If you read through the iisnode.yml example linked above, you may be thinking "But I can just access the log files via HTTP, why do I have to remote into the instances or download the logs?" Well, this functionality is disabled for Web Sites and Cloud Services by default. You can make it work by modifying the IIS URL Rewrite rules in the web.config for your application, however consider this; how useful is it to enable HTTP access to the logs when you can't easily determine which hosting instance you'll connect to?
For example, if you're hosting the application on a Cloud Service you might have it scaled out to 2 instances. Those are load balanced behind the virtual IP assigned to the service, so hitting that URL is going to take you to one of the instances, but you can't really direct it to one or the other.
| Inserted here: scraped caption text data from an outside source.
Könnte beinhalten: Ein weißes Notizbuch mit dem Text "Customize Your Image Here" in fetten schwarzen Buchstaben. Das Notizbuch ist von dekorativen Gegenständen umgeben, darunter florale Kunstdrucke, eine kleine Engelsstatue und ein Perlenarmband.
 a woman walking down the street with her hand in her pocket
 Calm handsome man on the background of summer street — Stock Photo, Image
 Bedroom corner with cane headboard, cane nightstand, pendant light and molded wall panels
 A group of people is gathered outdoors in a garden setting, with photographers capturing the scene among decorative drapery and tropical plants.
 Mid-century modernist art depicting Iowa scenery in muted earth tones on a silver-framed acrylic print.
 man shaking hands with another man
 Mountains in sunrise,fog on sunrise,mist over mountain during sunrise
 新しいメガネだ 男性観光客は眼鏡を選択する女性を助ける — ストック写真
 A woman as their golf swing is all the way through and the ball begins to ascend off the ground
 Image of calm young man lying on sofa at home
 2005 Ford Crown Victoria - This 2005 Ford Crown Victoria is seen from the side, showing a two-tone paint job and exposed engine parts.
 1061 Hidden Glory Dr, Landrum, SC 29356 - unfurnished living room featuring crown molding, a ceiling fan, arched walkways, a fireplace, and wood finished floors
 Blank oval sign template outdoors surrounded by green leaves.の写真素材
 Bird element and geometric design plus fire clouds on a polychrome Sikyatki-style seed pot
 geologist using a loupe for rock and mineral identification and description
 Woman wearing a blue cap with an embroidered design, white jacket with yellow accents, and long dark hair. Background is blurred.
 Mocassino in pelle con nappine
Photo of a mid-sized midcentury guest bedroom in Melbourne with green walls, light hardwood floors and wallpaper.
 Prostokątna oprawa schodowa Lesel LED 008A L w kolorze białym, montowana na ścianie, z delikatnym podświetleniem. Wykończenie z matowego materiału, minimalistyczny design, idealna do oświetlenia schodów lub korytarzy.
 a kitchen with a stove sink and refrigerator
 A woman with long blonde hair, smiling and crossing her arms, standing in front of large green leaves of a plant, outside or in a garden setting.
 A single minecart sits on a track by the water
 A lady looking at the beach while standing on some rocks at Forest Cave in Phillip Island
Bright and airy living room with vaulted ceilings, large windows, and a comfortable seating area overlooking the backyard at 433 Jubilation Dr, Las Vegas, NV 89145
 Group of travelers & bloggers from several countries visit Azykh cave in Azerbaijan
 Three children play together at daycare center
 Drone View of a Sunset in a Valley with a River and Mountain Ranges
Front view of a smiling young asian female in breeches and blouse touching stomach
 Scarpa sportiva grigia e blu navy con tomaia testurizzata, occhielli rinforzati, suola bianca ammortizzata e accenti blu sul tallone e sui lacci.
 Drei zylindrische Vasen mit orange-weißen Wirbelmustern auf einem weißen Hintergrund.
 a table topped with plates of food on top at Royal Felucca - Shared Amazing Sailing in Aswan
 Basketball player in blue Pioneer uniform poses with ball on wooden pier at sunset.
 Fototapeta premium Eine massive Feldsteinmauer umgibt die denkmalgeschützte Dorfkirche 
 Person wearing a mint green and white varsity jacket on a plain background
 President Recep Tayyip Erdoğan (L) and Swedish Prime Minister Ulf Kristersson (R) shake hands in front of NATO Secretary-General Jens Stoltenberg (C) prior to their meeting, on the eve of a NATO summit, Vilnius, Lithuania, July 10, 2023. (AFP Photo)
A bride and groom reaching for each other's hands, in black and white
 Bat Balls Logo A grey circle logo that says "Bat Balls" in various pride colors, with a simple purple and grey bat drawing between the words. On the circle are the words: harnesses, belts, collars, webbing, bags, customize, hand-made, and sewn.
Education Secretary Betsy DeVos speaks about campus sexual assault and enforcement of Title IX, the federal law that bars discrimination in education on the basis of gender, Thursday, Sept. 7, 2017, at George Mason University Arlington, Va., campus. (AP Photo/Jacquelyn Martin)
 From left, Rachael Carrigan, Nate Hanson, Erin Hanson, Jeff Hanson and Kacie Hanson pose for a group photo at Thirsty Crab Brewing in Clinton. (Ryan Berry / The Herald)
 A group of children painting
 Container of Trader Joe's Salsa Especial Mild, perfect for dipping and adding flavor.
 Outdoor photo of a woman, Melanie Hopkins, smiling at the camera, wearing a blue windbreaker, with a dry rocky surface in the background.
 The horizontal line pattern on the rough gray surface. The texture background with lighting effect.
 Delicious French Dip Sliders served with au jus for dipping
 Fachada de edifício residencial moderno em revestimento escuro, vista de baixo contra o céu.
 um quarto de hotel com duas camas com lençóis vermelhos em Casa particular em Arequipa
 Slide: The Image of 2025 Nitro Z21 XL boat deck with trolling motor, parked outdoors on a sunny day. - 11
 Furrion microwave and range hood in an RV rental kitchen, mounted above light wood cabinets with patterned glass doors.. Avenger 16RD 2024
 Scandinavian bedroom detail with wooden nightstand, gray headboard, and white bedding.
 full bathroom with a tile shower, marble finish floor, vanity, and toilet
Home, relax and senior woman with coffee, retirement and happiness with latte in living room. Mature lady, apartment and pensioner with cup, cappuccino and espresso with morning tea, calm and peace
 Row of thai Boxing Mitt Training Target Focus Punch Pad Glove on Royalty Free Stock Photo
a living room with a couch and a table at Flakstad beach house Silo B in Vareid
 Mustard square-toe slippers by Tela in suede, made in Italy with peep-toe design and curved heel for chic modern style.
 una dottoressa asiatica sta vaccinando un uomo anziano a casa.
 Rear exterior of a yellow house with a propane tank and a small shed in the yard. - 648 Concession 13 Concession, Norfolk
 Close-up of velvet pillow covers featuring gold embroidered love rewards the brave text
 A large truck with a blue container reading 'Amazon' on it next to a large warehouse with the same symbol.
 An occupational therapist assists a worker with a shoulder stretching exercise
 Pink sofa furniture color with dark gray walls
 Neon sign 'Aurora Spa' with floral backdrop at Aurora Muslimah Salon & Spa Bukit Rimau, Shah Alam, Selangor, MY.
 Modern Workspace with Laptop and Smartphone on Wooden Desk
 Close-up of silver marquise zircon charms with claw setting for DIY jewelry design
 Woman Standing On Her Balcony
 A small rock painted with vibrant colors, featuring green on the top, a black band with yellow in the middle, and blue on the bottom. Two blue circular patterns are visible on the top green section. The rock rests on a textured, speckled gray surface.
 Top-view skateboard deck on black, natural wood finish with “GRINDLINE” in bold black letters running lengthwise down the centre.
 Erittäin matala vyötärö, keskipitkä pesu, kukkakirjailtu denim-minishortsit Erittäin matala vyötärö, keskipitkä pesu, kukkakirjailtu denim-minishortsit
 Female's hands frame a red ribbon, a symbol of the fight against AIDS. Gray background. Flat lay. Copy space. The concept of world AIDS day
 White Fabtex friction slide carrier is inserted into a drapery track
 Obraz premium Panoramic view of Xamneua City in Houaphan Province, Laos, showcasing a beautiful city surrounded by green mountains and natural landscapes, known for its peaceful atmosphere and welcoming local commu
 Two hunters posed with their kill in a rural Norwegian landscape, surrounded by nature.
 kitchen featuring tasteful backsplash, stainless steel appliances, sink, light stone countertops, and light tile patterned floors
So for a production, scaled out application, HTTP logs are sort of not that useful. It's far more useful to have some sort of centralized aggregation of the logs, such as that done by Windows Azure Web Sites.
Ever browsed your application after deploying it and received an HTTP 500 response? Not very helpful. When development errors are enabled, you'll get an HTTP 200 response instead, along with the last few lines of information sent to stderr.
Development errors can be controlled by adding devErrorsEnabled: true or false to your iisnode.yml file. Currently the default seems to be true. For a production application, I'd recommend disabling this setting, as most end users don't want to see your code's error spew and would appreciate a custom friendly error instead.
IISNode isn't the only thing available in Windows Azure that can help diagnose problems; since IISNode runs under IIS, and on Windows, there are additional logs for those pieces of the infrastructure that can be enabled in the diagnostics section of the CONFIGURATION settings for your Web Site or Cloud Service. For more information on working with these settings and the information logged by them, see How to Monitor Cloud Services and How to Monitor Web Sites.
I hope the above information is useful to those of you hosting Node.js applications on Windows Azure, and if you have any additional diagnostic/troubleshooting tips you'd like to share feel free to send them my way.